Colorado offers a unique state income tax credit specifically for employers that helps their workers save toward buying a home. This opportunity is another tool employers can use for recruitment and retention. Employers may claim this credit for contributions they make to their employees’ qualifying home savings accounts. This tax credit is available to Colorado employers through 2026. 

This credit was created by Colorado House Bill 23-1189, “Employer Assistance for Home Purchase Tax Credit,” It operates similarly to credits already available for some college-savings contributions between employers and employees. 

Who Can Offer These Accounts? 

Any employer with one or more employees in Colorado can establish one or more qualifying home savings accounts for their employees.

What Can Employees Use the Funds For?

Employees may use funds deposited into their accounts for eligible expenses in connection with their purchase of a primary residence, including:  

  • Any down payment costs 
  • Any closing costs included in a real estate settlement statement (appraisal fees, mortgage origination fees, inspection fees, etc.). 

Income Tax Credit for Participating Employers: 

The structure of the credit is straightforward, but has important limitations for employers to understand. 

  • The State of Colorado will give businesses a small tax break equal to 5% of the money they chip in to help employees buy a home, as long as the contribution meets the program’s rules.
  • There is a per-employee cap – the credit is limited to $5,000 per employee per year. 
  • There is an employer cap – no employer can claim more than $500,000 of this credit in a single tax year. 
  •  If employment ends before the funds are used, the unused employer contribution is forfeited back to the employer, while the employee remains entitled to their own contributions plus earnings. 

Key Information for Employees: 

The program is designed so that employees benefit both from the employer contribution and from favorable state-tax treatment when they use the money to buy a home.

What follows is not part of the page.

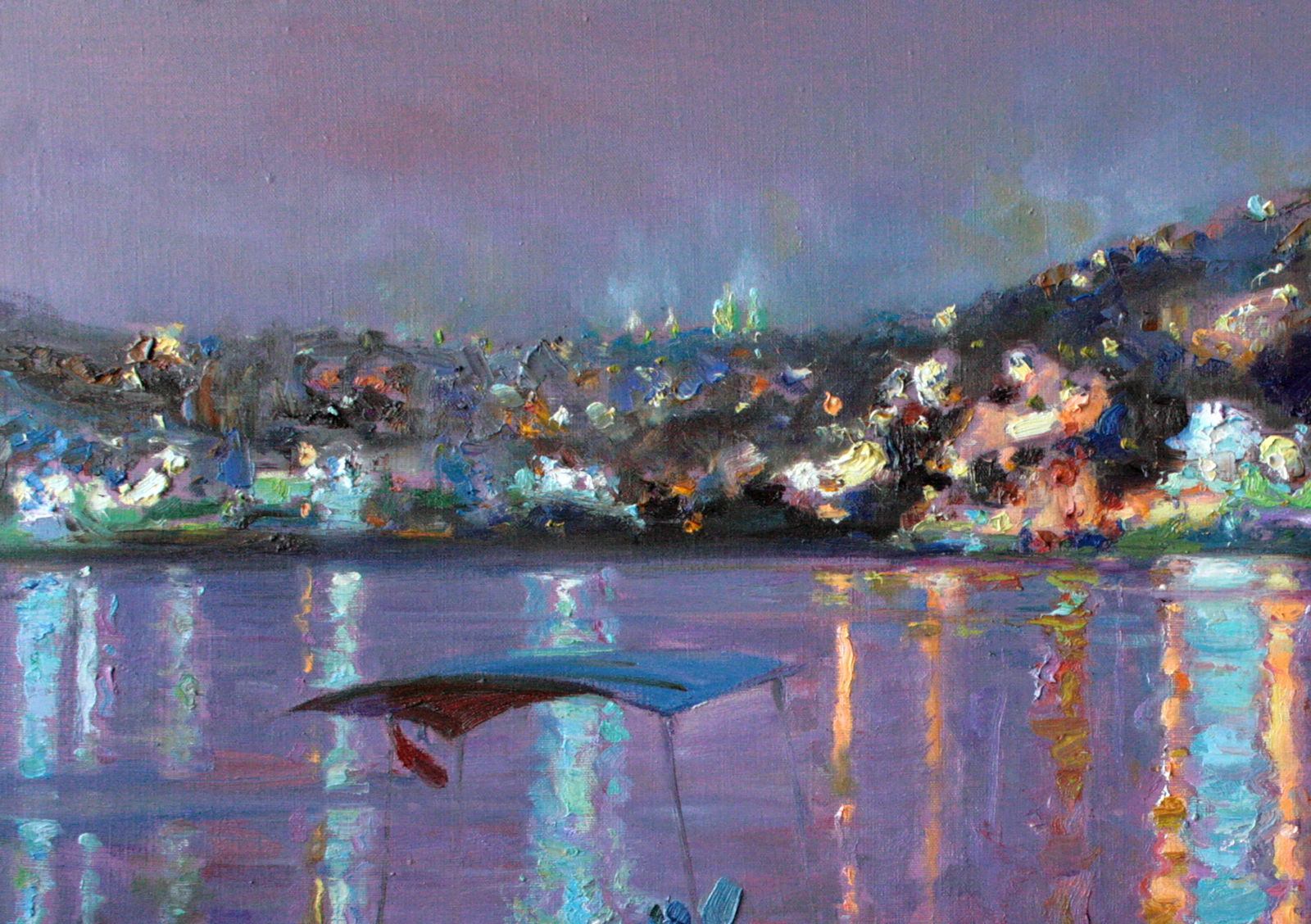 Oil painting Night city lights Leonid Pavlenko - 2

  • Employee payroll contributions: Employees can authorize the employer to withhold a set amount of their wages and add it to the designated home-purchase savings account, alongside the employer’s contributions. 
  • State income subtraction: For tax years 2024-2026, an employee can subtract the employer contribution from federal taxable income when calculating Colorado taxable income, effectively excluding that amount from state tax when the conditions are met. 

Benefits to Employers

Housing affordability is a central concern for many Colorado workers, particularly in metro areas where high rents and down-payment hurdles can derail long-term financial plans. For employers, this credit converts part of a housing assistance program into a recruitment and retention tool and a state tax credit. 

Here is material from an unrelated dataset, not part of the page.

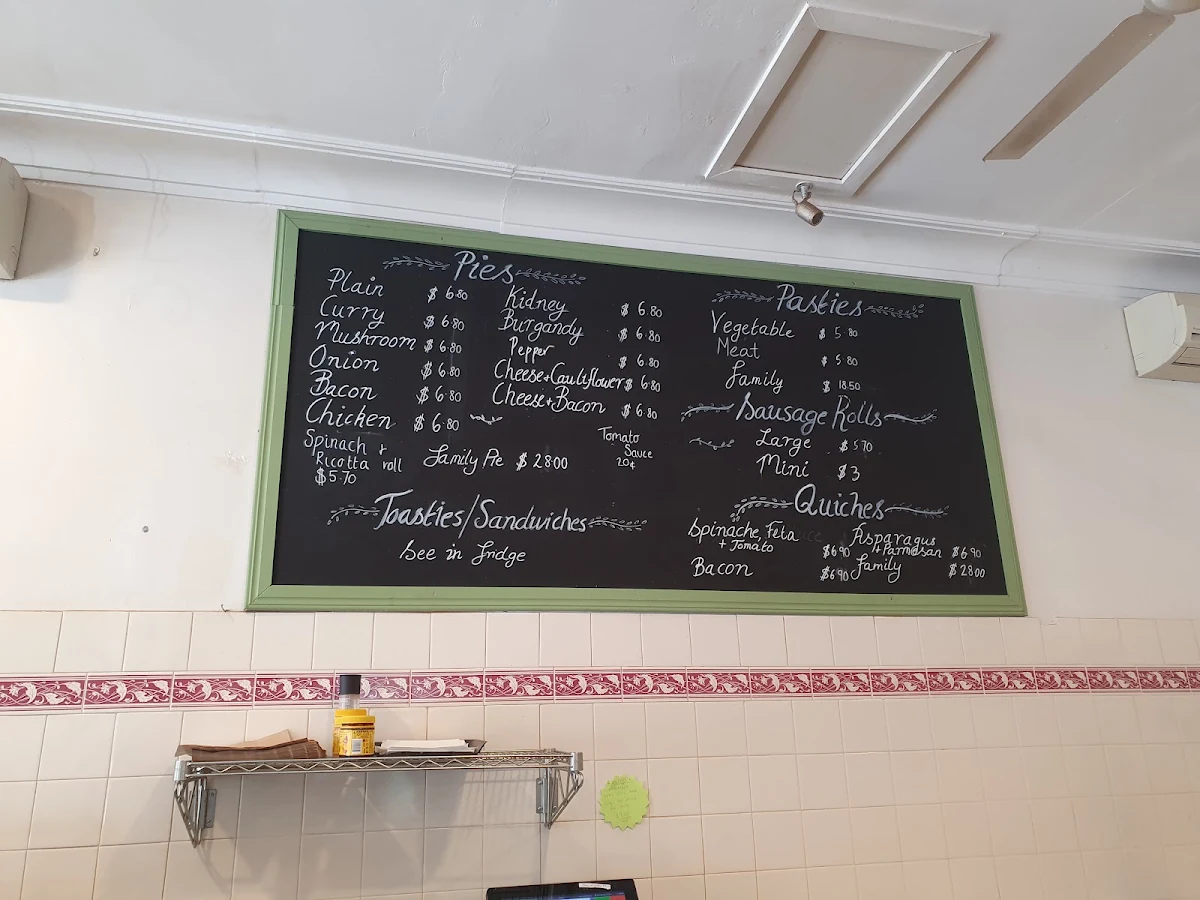 Menu, Malmsbury Bakery Café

Key Reasons to Offer Home Savings Accounts: 

  • Talent attraction: Offering structured down-payment help differentiates you from competitors
  • Retention: Because employer funds may be forfeited if the employee leaves before using them, the program can incentivize longer tenure. 
  • Tax efficiency: The 5% state credit directly reduces your Colorado income tax liability (subject to the annual caps), effectively discounting the cost of the benefit. 

For employees, framing this as a “first-home accelerator” benefit can be powerful to build employee savings and employer-supported funds that make closing on a home more attainable. Make sure they know the savings they have earned can be used after 2026. The only thing that expires in 2026 is the ability for the employer to earn the credit.

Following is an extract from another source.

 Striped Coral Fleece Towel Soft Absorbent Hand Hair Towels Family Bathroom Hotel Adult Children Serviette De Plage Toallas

Design Tips for a Practical Employer Program

Implementing a home savings benefit requires coordination across HR, payroll, and tax advisors. The mechanics can be modeled on other payroll-deduction benefits already administered by employers. 

Consider the following design choices: 

  • Eligibility: Decide whether to limit the benefit to full-time employees, those with a minimum service period, or those below certain income thresholds. 
  • Employer contribution formula: Choose a fixed dollar amount per year, a percentage match on employee contributions, or a tiered structure based on tenure. 
  • Vesting and forfeiture: Align forfeiture rules with your workplace culture and legal requirements so that employees clearly understand when employer funds may be lost. 
  • Communication: Provide simple, written explanations about how the account works, what counts as eligible expenses, and how the tax treatment works at both the employer and employee level, consistent with state guidance. 

Colorado’s employer contribution to home savings accounts credit gives you as the employer a benefit that can support employees’ access to affordable and attainable housing. Additional information, considerations, and eligibility are outlined in the Colorado Department or Revenue instructions.